The third transformation — base to marinade — moves in a third direction, neither thinning nor reducing but lengthening the contact time. The same base, perhaps loosened slightly with a little extra mirin or sake to bring the salt down and let the protein breathe, becomes the overnight bath for a piece of fish or chicken or tofu. The role of the sauce here is no longer to coat the outside of a finished dish; it is to penetrate the surface of the raw protein over hours, carrying salt and aromatic compounds inward and reshaping what the protein will taste like when it is cooked the next day. Marinade thinking is patience thinking. You set it up the night before and walk away. The next evening, the meal is half-done before you have entered the kitchen — pull the protein out, drain, pat dry, cook. This is, in my experience, the single most underused move in weeknight home cooking, and it depends entirely on having the base sauce in the refrigerator in the first place.

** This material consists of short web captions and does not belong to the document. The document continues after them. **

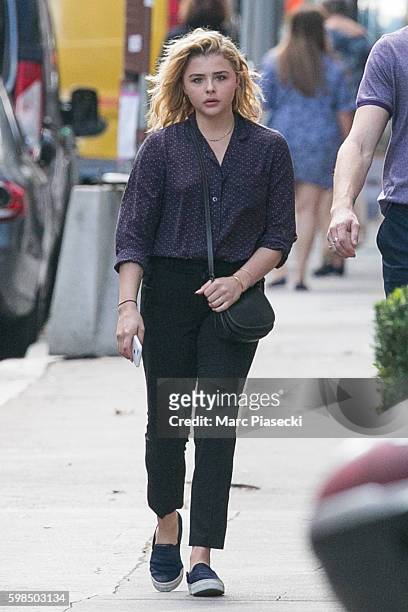 Actress Chloe Grace Moretz is seen strolling on September 1, 2016 in Paris, France.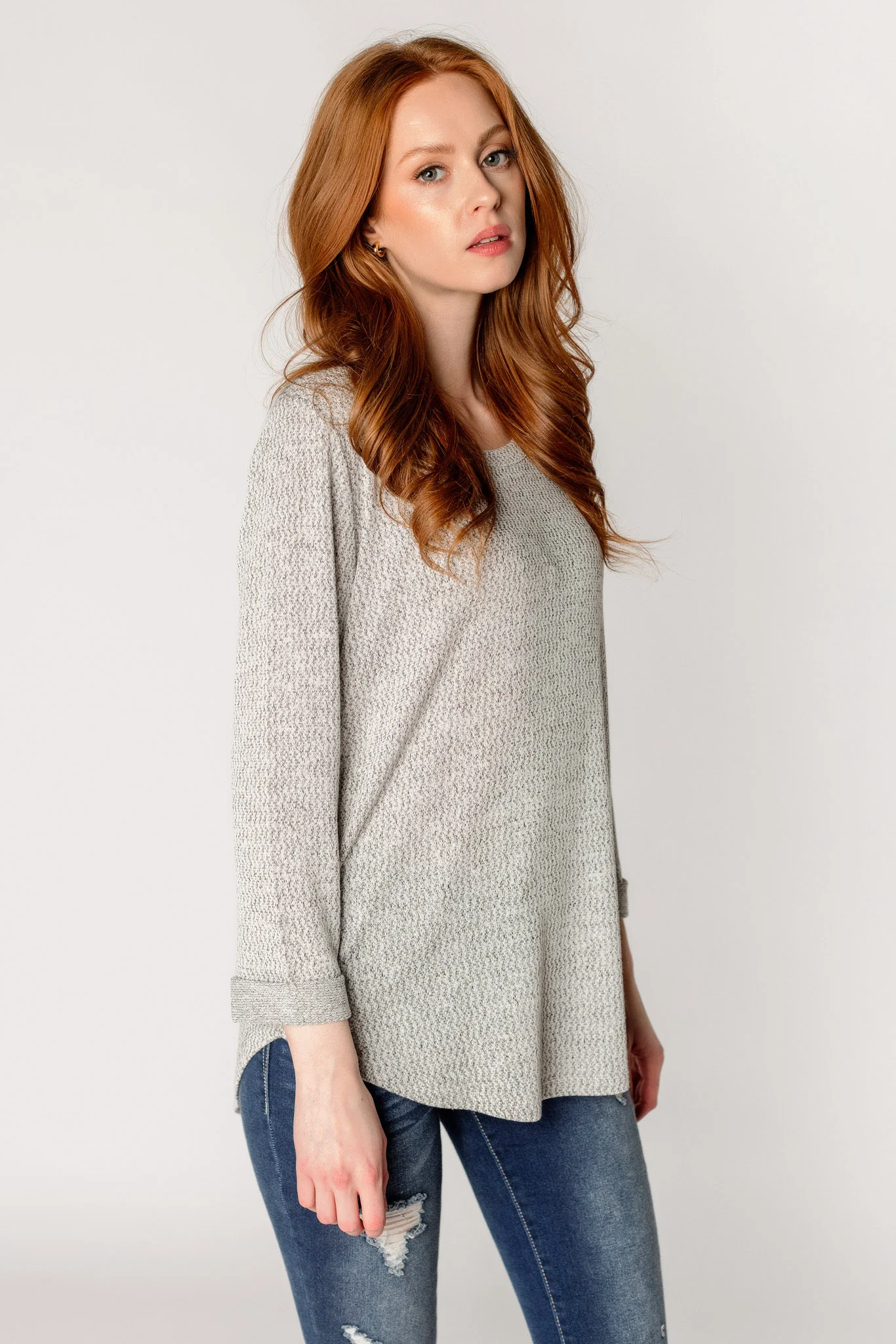 Knitted 3/4 Sleeve Scoopneck Sweater - Image 3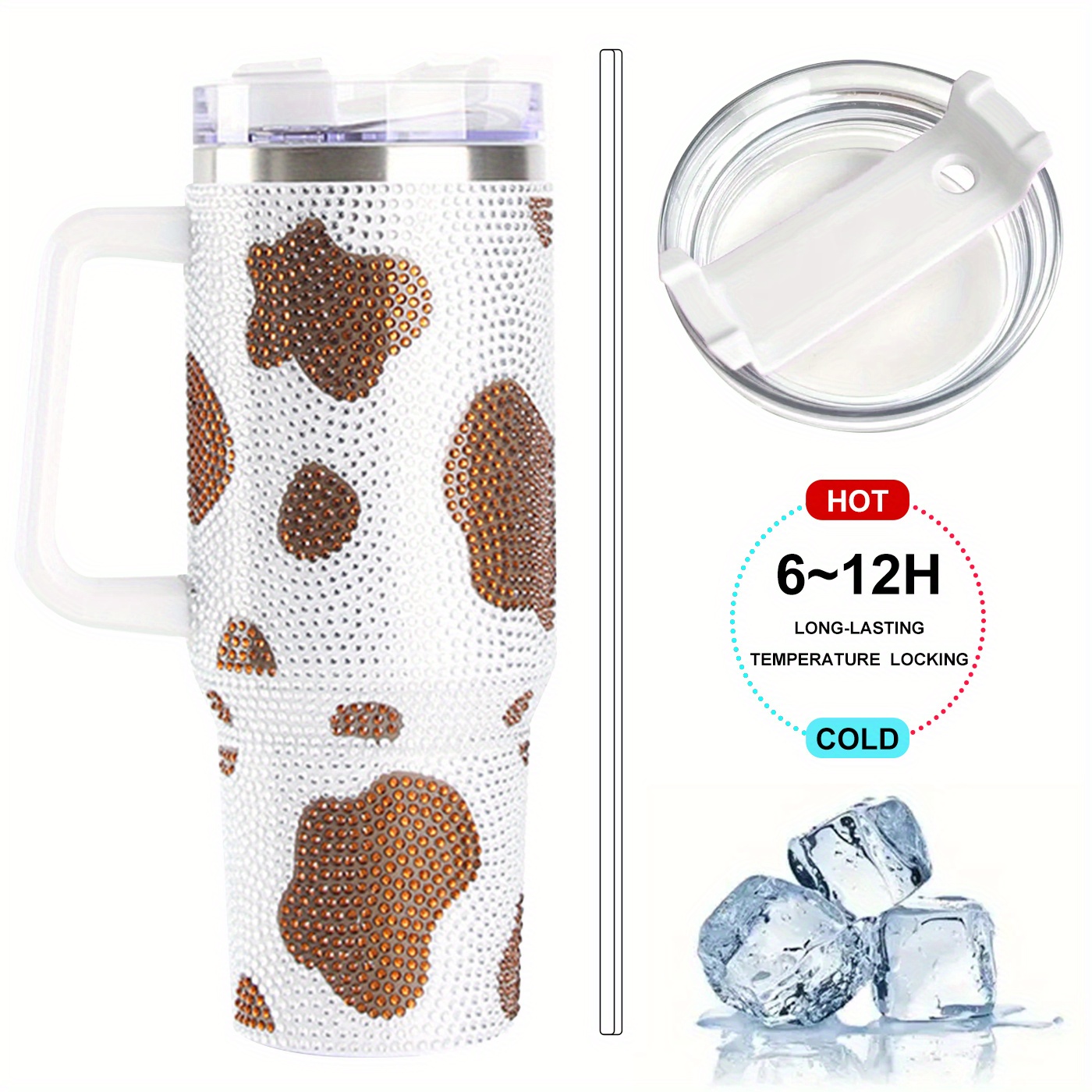 Rhinestone Decor Cow Pattern Water Bottle - Double Layer 304 Stainless  Steel Tumbler With Straw & Vacuum Insulated Cup - Perfect For Summer  Holiday, Home, Office & Birthday Gifts! - Temu
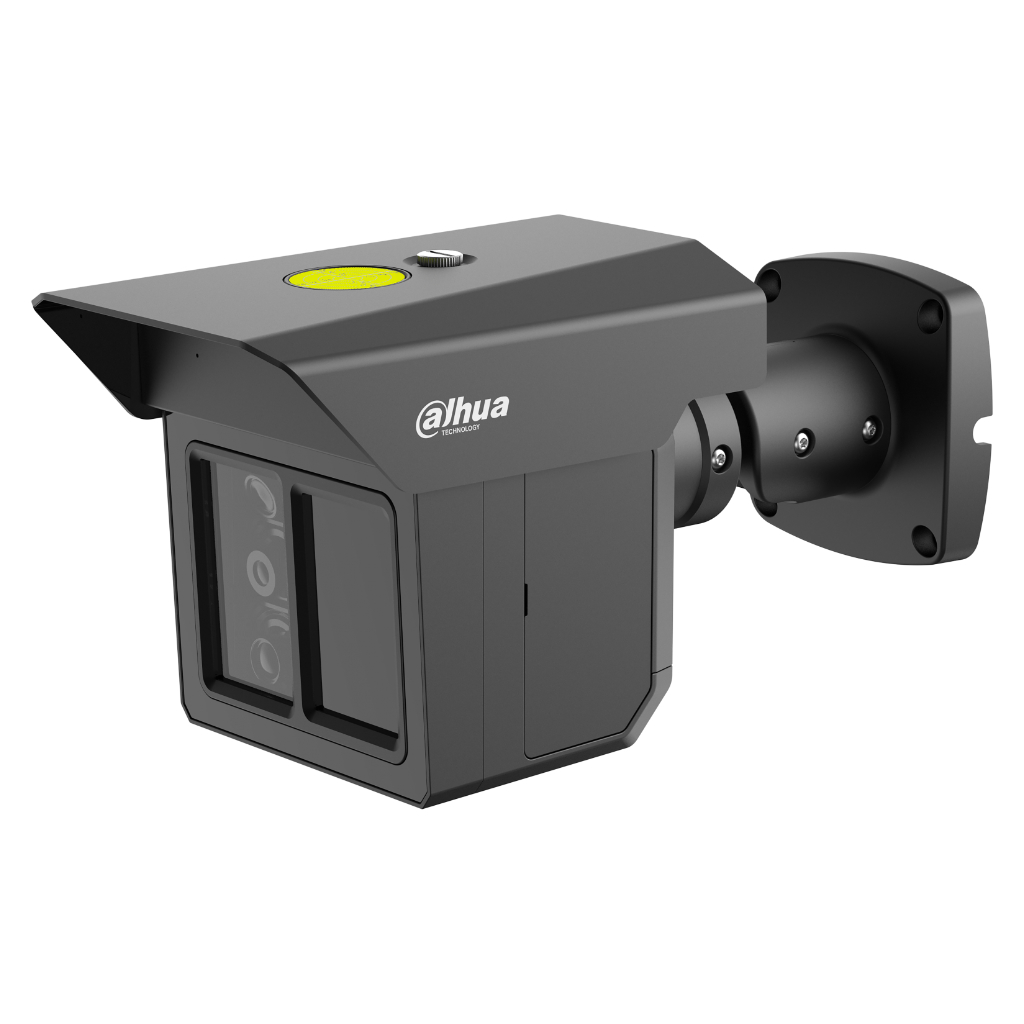 Tubular IP H265 3x2M TRIPLE-LENS 3.6/12/25mm para protección perimetral 8IR100m IP67 IK10 ePoE AUDIO MIC E/S AI. Color negro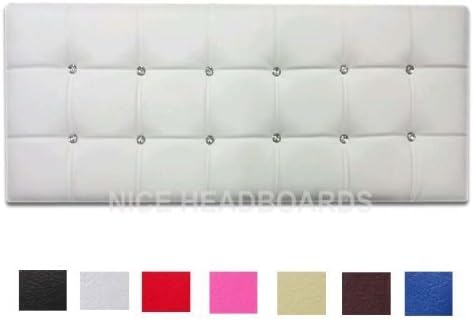 Faux Leather Crystal Diamante Diamonte Headboard 3FT Single (BLACK)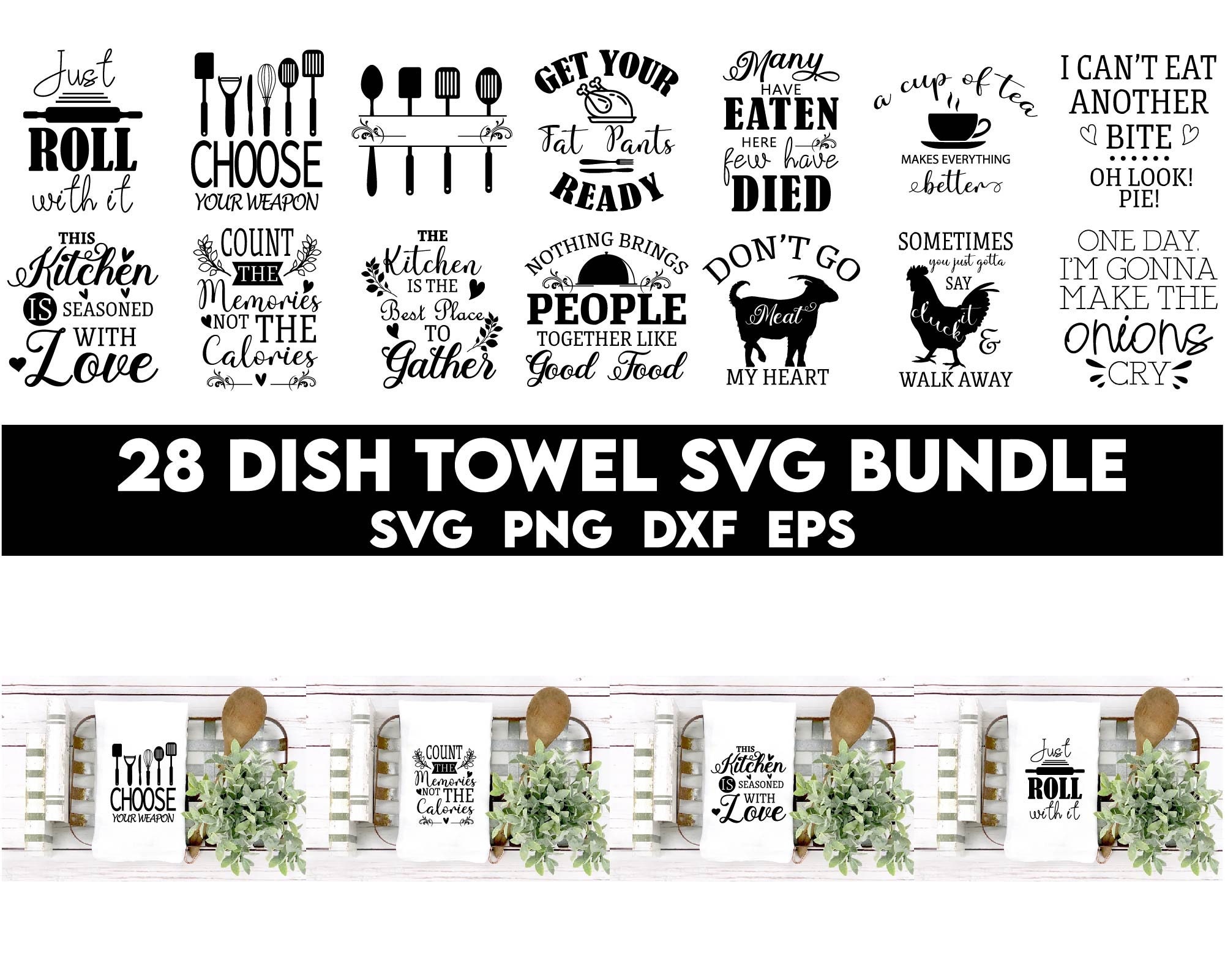 Sarcastic Kitchen Quotes, Dish Towel Bundle, (483705)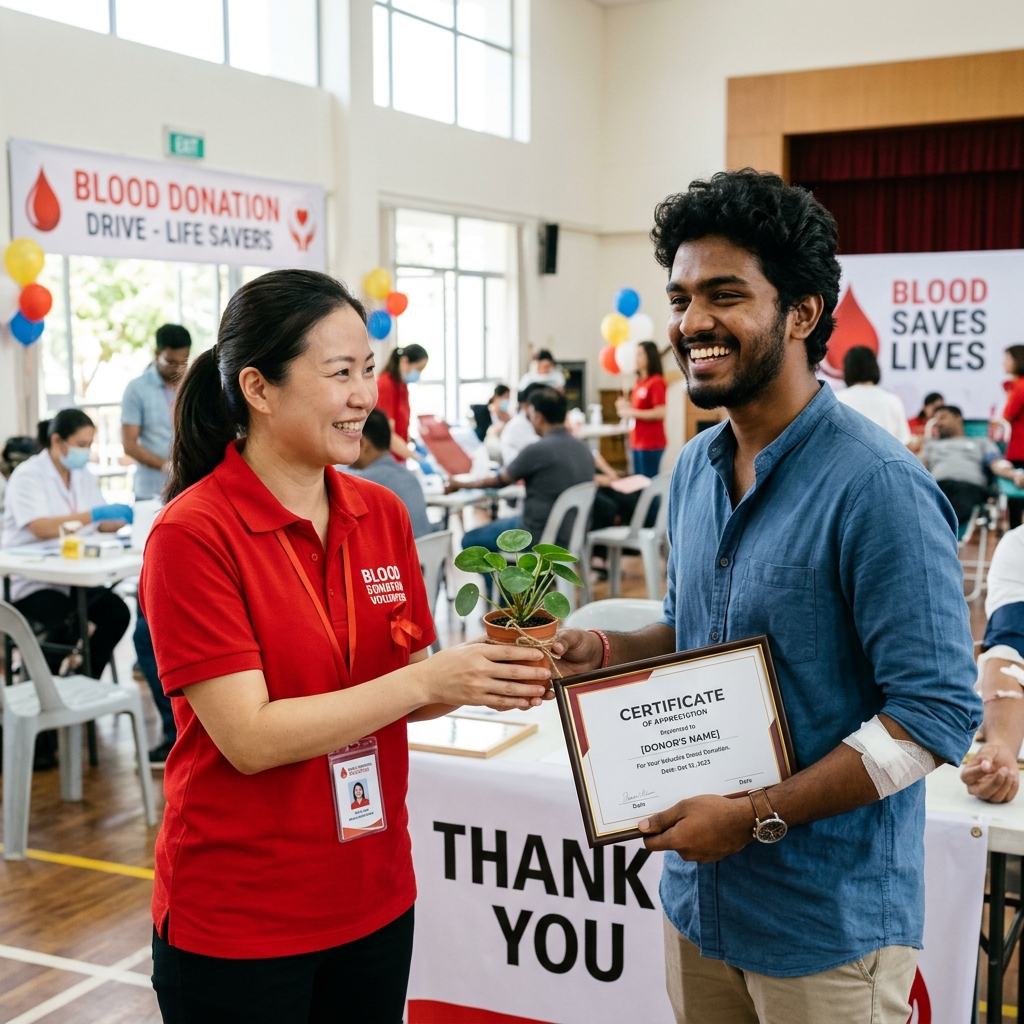 Blood donor receiving appreciation certificate
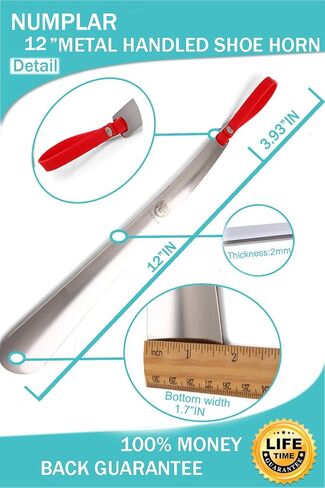 Metal Shoe Horn, Long Handled Shoehorn for Men, Women, Kids, Seniors, Pregnancy, Boots and Shoes, Heavy Duty Stainless Steel with Silicone Lanyard(Blue 2Packs) in Kuwait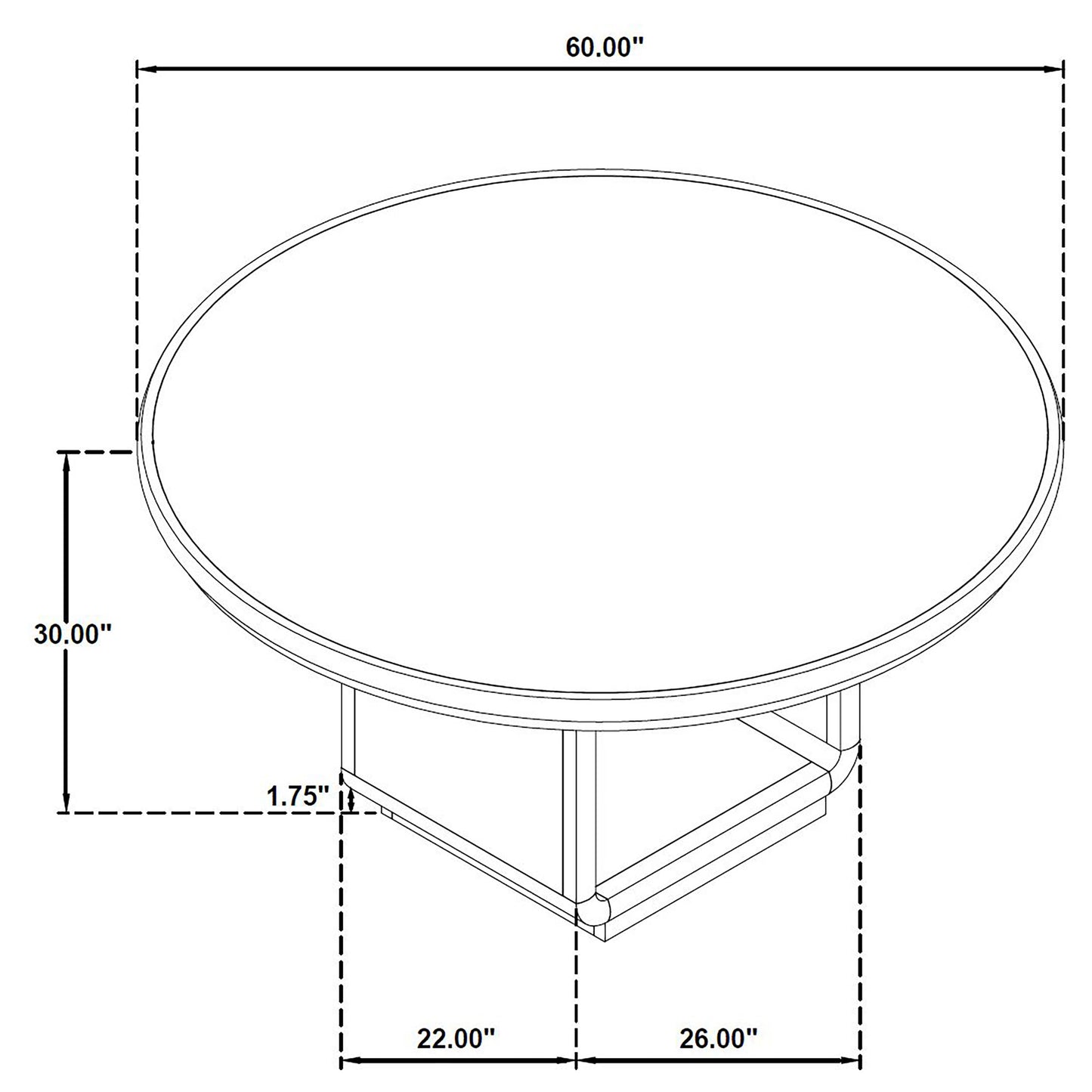 Leandro 60-inch Round Dining Table Burnished Black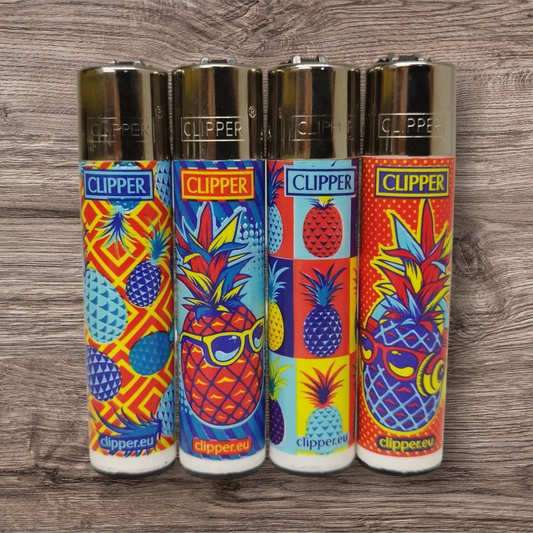 Clipper Large 4er Set - Hipster Pineapple - Red Pin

What changes, when a cook learns to think this way, is not really the food. It is the relationship between the cook's time and the week's meals. A single base sauce, built once on a Sunday with ten minutes of attention, becomes the spine of four or five meals across the following week. The Sunday work is amortized. The Tuesday work shrinks. The Thursday work, on a night when the cook is tired and nothing seems possible, suddenly becomes possible — because the structural decision has already been made and the only remaining choice is which axis to push, by how much, in the bowl in front of you tonight. This is the practical logic that Universal Cooking Code is built around, and it generalizes well beyond sauces: the cook who learns to identify the small set of decisions that get made once and then reused becomes, by a quiet kind of arithmetic, far more productive in the kitchen than the cook who treats every meal as a fresh problem. The mother sauce is the smallest, most tractable example. Once a cook has lived with one for a few weeks, the rest of the kitchen tends to reorganize itself around the same idea.